▶ About this exercise:
Would you please transcribe the data in full and exactly, excluding images?

▶ Supplied data:
== Segment start ==

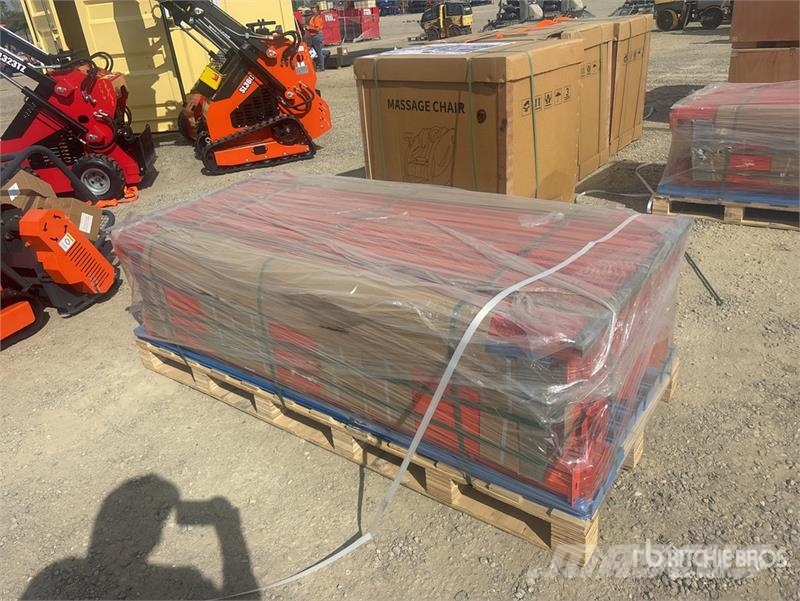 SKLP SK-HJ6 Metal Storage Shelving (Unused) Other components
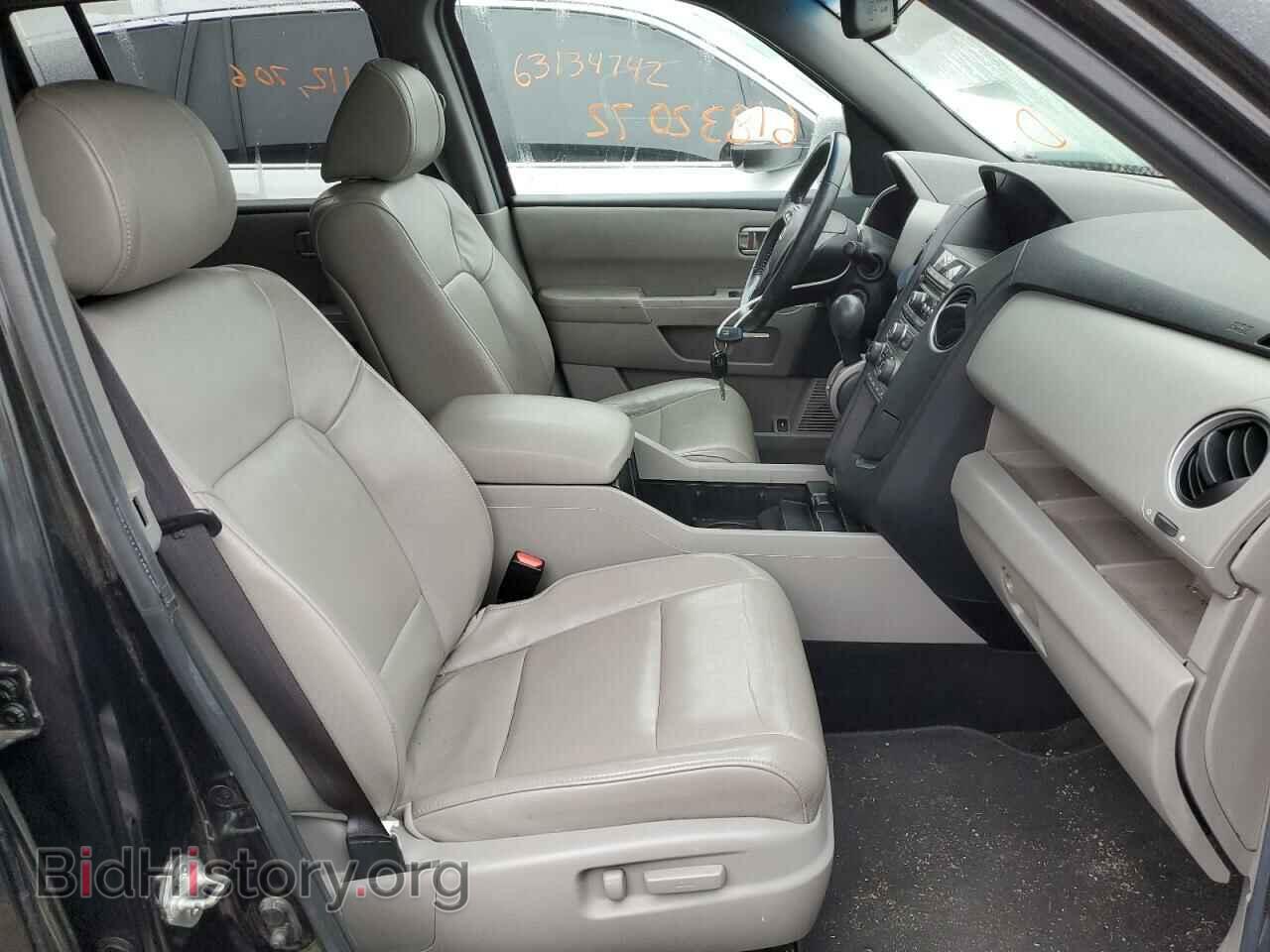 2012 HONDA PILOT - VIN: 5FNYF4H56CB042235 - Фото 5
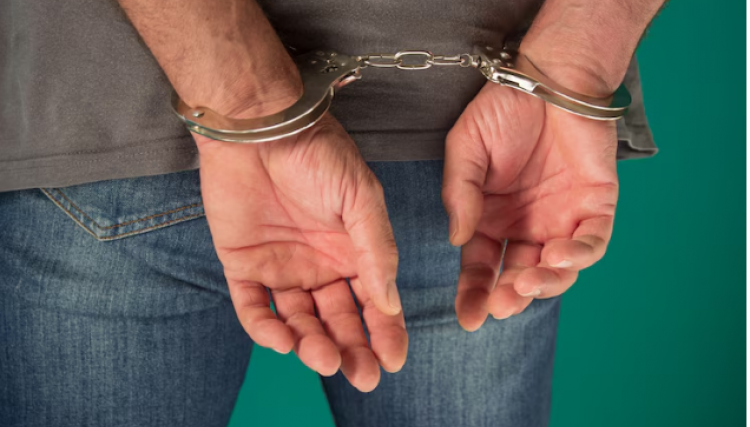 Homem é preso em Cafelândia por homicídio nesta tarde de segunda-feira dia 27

== Segment end ==

▶ Answer section:
 SKLP SK-HJ6 Metal Storage Shelving (Unused) Other components
 2012 HONDA PILOT - VIN: 5FNYF4H56CB042235 - Фото 5
 Homem é preso em Cafelândia por homicídio nesta tarde de segunda-feira dia 27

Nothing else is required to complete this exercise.